F5 BIG-IP は、iRule と呼ばれる特別なスクリプトを利用して、標準機能とは異なる機能を実装することができます。この機能を活用することで、特定の通信に HTTP ヘッダーを付与したり、コネクション数に応じて処理を変更したりすることが可能です。
しかし、iRule の採用にはいくつかの問題が存在します。まず、iRule を書くには一定のコーディング能力が必要です。ネットワークエンジニアの中には、コーディング経験がない人も多く、またアプリケーションエンジニアにとっても、iRule の特性や BIG-IP の目的についての理解が不足している場合があります。
さらに、iRule で実装された機能には F5 のサポートがないため、ユーザーは、自身が作成した iRule に対して完全な責任を持つ必要があります。
これらの理由から、iRule の積極的な利用は「主に体制的に」制限されています。SIer では、iRule の実装をスコープ外とすることが多く、あるいは事前に要件を確認し、F5 のプロフェッショナルサービスに iRule の作成見積もりを依頼するケースもあります。
また、よく使われる iRule はバージョンアップ時に標準機能として取り込まれることもあります。

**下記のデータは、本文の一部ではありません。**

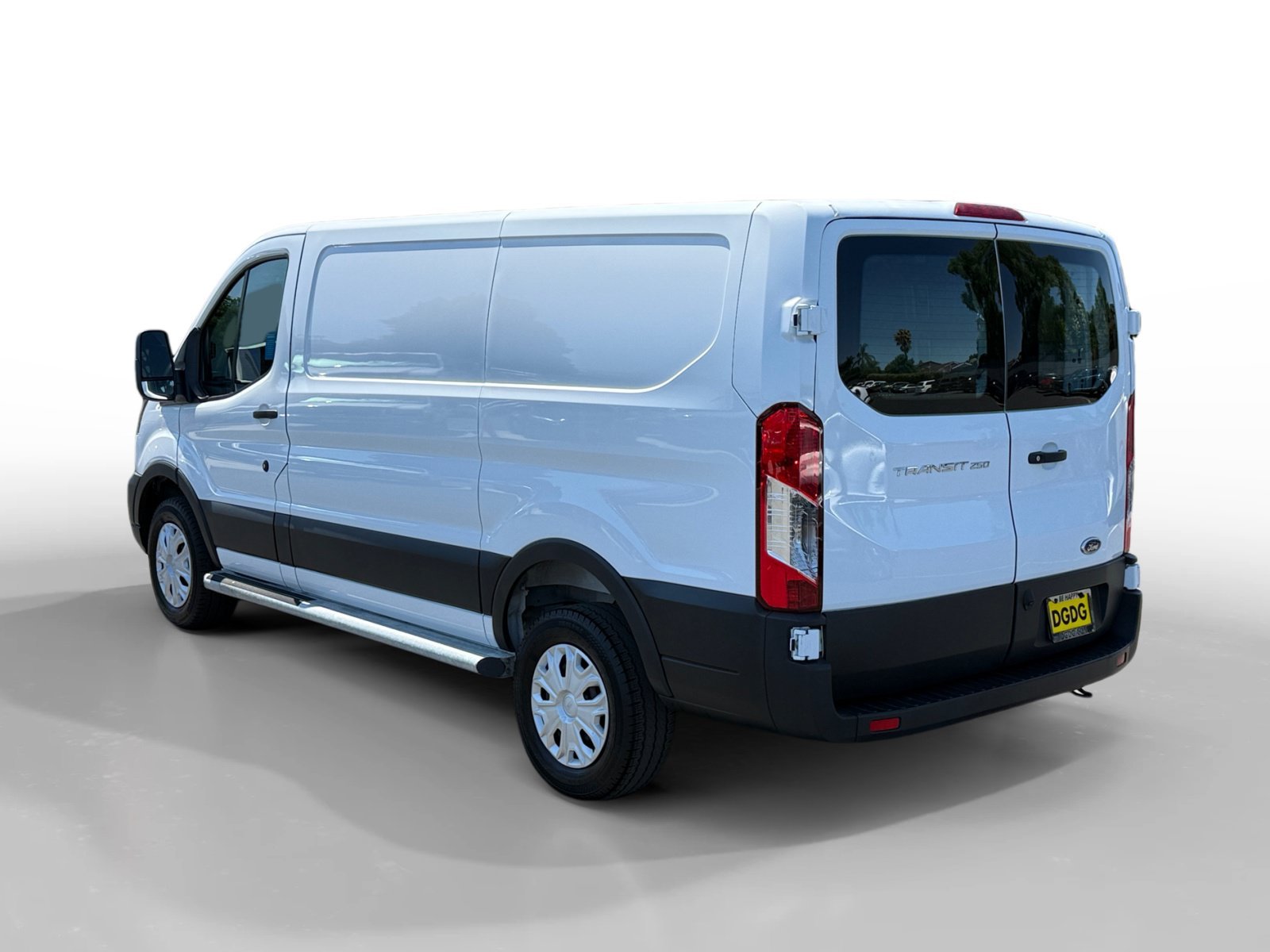 Certified Used 2025 Oxford White Ford Base image 3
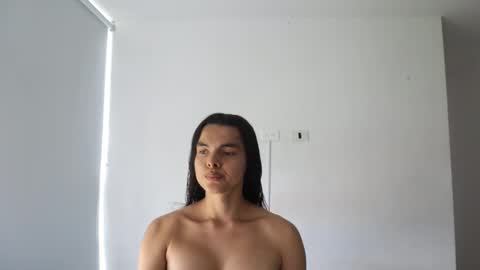 Anastasia Vahos online show from January 2025 06:12:02 PM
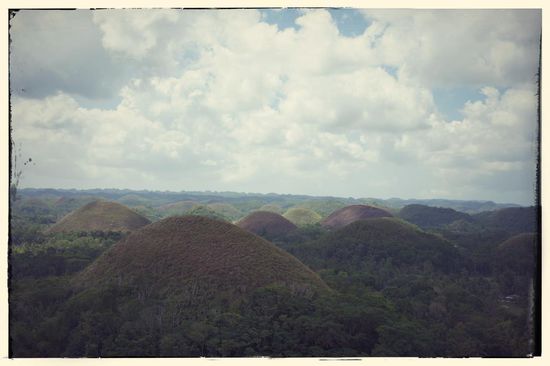 Die Hügel färben sich im Sommer braun - daher auch der Name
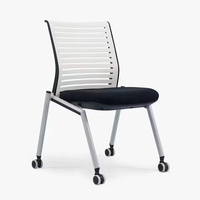 Chaise de bureau de style traditionnel avec structure métallique et dossier rembourré, chaise en tissu pour salle de conférence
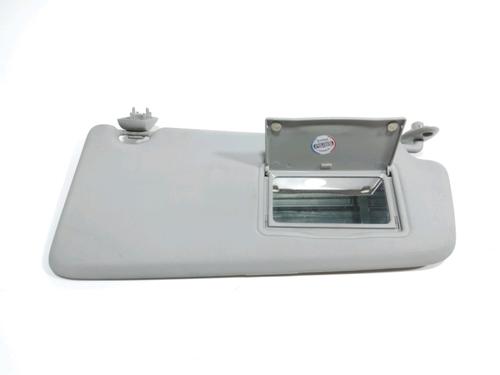 Used Right sun visor Right sun visor 37784724 37784724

個人的には、iRule はより活用すべきだと考えます。iRule を書くことで得られる知識や、挙動をコードとして視覚的に確認できる利点があります。BIG-IP の本質は iRule にあると言えるでしょう。しかし、iRule を書く必要があるケースは限られており、積極的に iRule を活用するエンジニアは少数派と言えるでしょう。